We are a company that has a passion for creating an EXPERIENCE that is unique and rememberable. Our team drives that experience through the care and effort we put into our food, service, and coaching.
We are looking for servant-oriented leaders that will embrace the challenge to ensure that every interaction with our guests, team members, and community is done with care and integrity. We strive for excellence, professionalism, and integrity in all we do.
Embrace outrageous fun with our teams located in the Gulf Shores area today! For confidential consideration apply today and start your leadership journey!
Manager – To oversee, direct, and coordinate the planning, organizing, training, and leadership of restaurant staff necessary to achieve stated objectives in sales, costs, employee retention, guest service and satisfaction, food quality, cleanliness and sanitation.
Responsibilities
- Everyone works in Safety. If you have a safety concern, it is your responsibility to address it by correcting it or notifying the appropriate department or individual.
- Everyone works in Security. If you See Something, it is your responsibility to Say Something
- Everyone works in Guest Experience. If a guest needs assistance, it is your responsibility to assist that guest and do so with a smile.
- If the guest needs more assistance than you can provide, it is your responsibility to notify the appropriate department or individual.
- Assist multiple stations with food prep, cooking and plating, when needed.
- Ensure sanitation procedures and organization of work area adhere to all health code regulations and standards.
- Maintain food and supply inventory levels and notify management of restocking requirements.
- Attend and participate in daily briefings or pre-shifts.
- Ensure all Sassy Bass core values and property and department standards are implemented and applied.
- Obtain and maintain position-specific licensing.
- Promote, work, and act in a manner consistent with the management values of Sassy Bass.
- Ensure that all restaurant policies, procedures, standards, specifications, guidelines, and training programs and followed and completed on a timely basis.
- Monitor compliance with health and fire regulations regarding food preparation and serving and building maintenance.
- Achieve company objectives in sales, service, quality, the appearance of facility and sanitation, and cleanliness through training employees and creating a positive, productive working environment.
- Monitor food preparation methods, portion sizes, and garnishing and presentation of food to ensure that food is prepared and presented in an acceptable manner.
- Ensure compliance with all federal, state, county, and municipal regulations that pertain to health, safety, and labor requirements of the restaurant, employees, and guests.
- Control cash and other receipts by adhering to cash handling and reconciliation procedures in accordance with restaurant policies and procedures.
- Count money and make bank deposits.
- Investigate and resolve complaints regarding food quality, service, or accommodations.

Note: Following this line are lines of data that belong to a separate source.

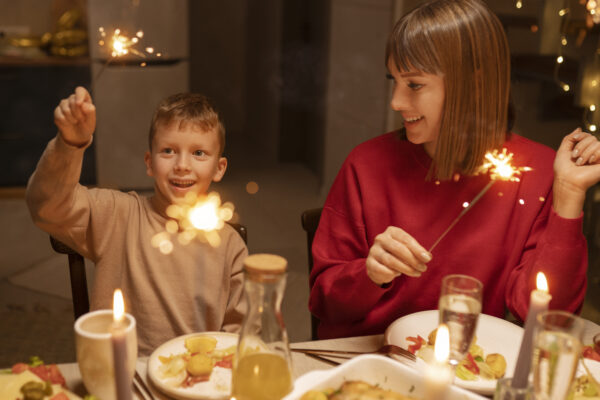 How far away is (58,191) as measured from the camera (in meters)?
1.05

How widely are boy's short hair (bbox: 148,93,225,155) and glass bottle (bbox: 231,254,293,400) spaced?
0.55 meters

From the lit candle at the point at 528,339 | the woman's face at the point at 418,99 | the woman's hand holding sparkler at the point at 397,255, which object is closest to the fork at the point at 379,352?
the woman's hand holding sparkler at the point at 397,255

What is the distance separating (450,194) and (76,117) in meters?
0.74

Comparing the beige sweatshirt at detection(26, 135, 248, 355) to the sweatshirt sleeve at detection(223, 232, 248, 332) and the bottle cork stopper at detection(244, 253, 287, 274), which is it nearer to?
the sweatshirt sleeve at detection(223, 232, 248, 332)

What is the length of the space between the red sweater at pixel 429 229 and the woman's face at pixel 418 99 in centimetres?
12

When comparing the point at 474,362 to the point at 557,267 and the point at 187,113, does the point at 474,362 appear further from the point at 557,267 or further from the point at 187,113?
the point at 187,113

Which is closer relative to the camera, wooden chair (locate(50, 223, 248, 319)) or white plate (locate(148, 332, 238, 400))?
white plate (locate(148, 332, 238, 400))

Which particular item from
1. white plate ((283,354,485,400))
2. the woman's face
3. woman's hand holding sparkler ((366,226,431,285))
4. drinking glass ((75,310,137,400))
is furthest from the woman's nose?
drinking glass ((75,310,137,400))

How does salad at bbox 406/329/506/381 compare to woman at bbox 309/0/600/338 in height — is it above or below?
below

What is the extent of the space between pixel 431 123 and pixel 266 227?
91.8 inches

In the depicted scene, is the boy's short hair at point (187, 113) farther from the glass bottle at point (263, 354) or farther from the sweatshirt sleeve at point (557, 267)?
the sweatshirt sleeve at point (557, 267)

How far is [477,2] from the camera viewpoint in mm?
1189

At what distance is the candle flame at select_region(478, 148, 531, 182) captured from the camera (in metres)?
1.30

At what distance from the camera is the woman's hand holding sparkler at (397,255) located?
37.6 inches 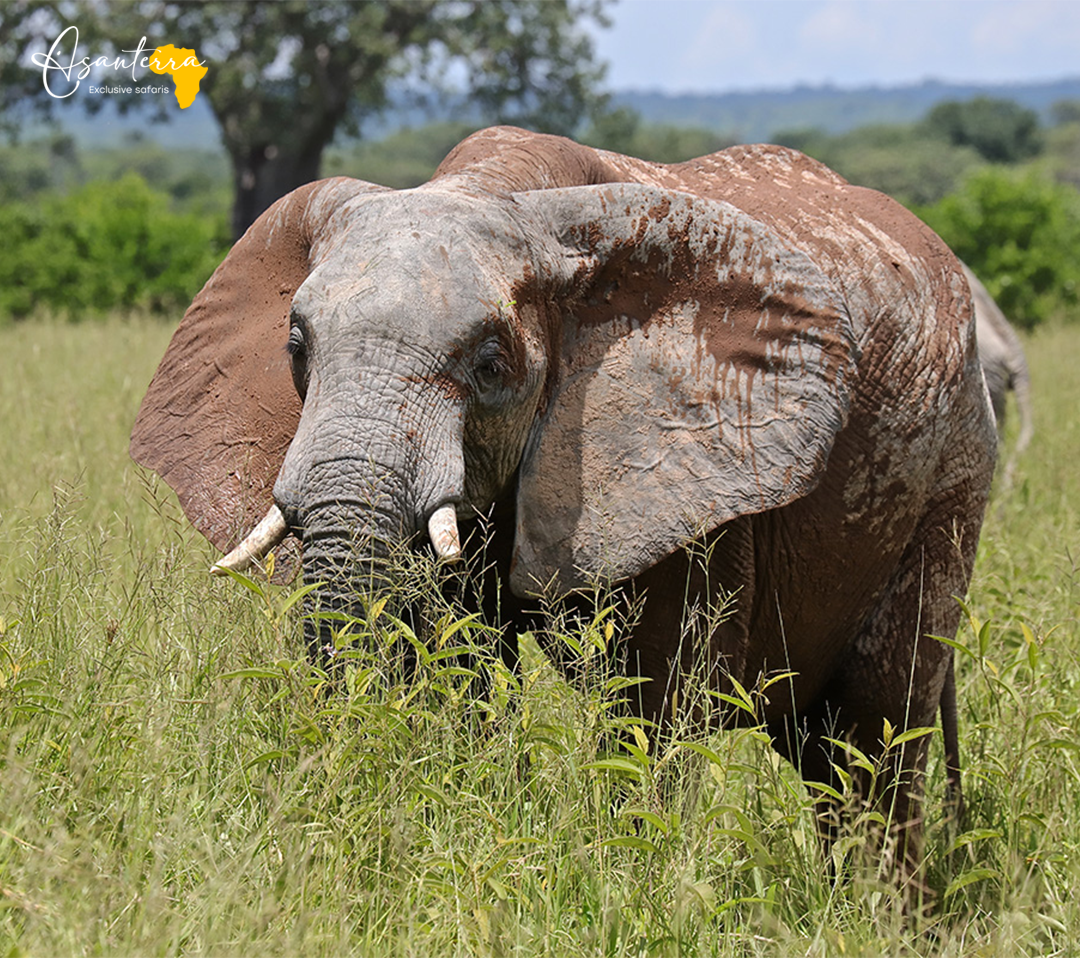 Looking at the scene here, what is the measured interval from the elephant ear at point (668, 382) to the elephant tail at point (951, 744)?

- Coordinate assignments of cooking personnel to ensure economical use of food and timely preparation.
- Ensure that all products are received in the correct unit count and condition and that deliveries are performed in accordance with the restaurant’s receiving policies and procedures.
- Review financial statements, sales or activity reports, or other performance data to measure productivity or goal achievement or to identify areas needing cost reduction or program improvement.
- Schedule and receive food and beverage deliveries, checking delivery contents to verify product quality and quantity.
- Monitor budgets and payroll records and review financial transactions to ensure that expenditures are authorized and budgeted.
- Maintain food and equipment inventories and keep inventory records.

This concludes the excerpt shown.